KATHMANDU, 30 April, 2019 - Four years after an earthquake that could have killed thousands of schoolchildren ,a concerted effort is underway to ensure that every school in Nepal has introduced a basic earthquake safety programme.

The so-called Gorkha earthquake claimed 9,000 lives and destroyed 50,000 classrooms but, by a stroke of good fortune, it occurred on April 25, 2015 at noon on a Saturday, the only day of the week when there is no school.

There is a need “to mainstream school safety and disaster risk reduction in the education sector,” according to the School Sector Development Plan published in 2016 by the Ministry of Education.

Nepal was probably the first low-income country to promulgate a safe schools programme and did so under the leadership of Amod Dixit, the Secretary-General and founder of the National Society for Earthquake Technology-Nepal (NSET).

It started out modestly in 1991 with support from USAID, retrofitting an average of three schools per year, a frustratingly slow pace for Mr. Dixit.  Years of unproductive lobbying meant that by the time of the earthquake, just 350 to 400 public and private schools had been retrofitted out of a countrywide total of 35,000 and they survived the earthquake to be used as temporary shelters for the displaced..

A major plank of the National Reconstruction Authority's (NRA) programme to build back better is a target of 7,553 schools to be re-built or retrofitted and 56% of the work has been completed and 29% is ongoing.

The Shree Shankheshwor Mahalxmi Secondary School in Kavre district lost ten classrooms in the 7.8 earthquake which claimed many lives in the locality including that of one student.

School Principal, Mr.
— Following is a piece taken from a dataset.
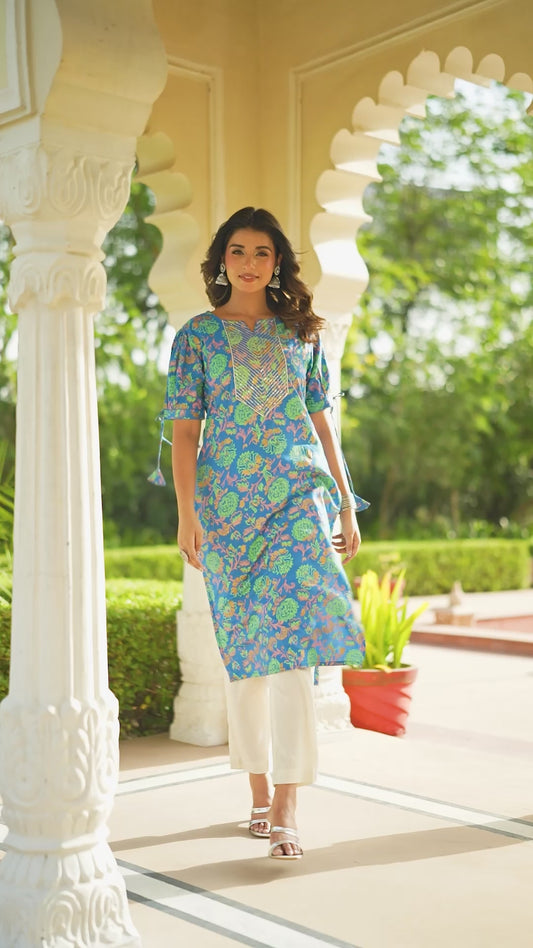 Embroidered Viscose Floral Straight Blue Kurta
Bahadur Tamang, said he did not think any of the children would have been killed as the classrooms were not completely flattened but he fears there would have been many injuries.

He is proud of the quality of the reconstruction work carried out on the school with the support of the Asian Development Bank (ADB) and looks forward to the addition of four more classrooms to ease overcrowding.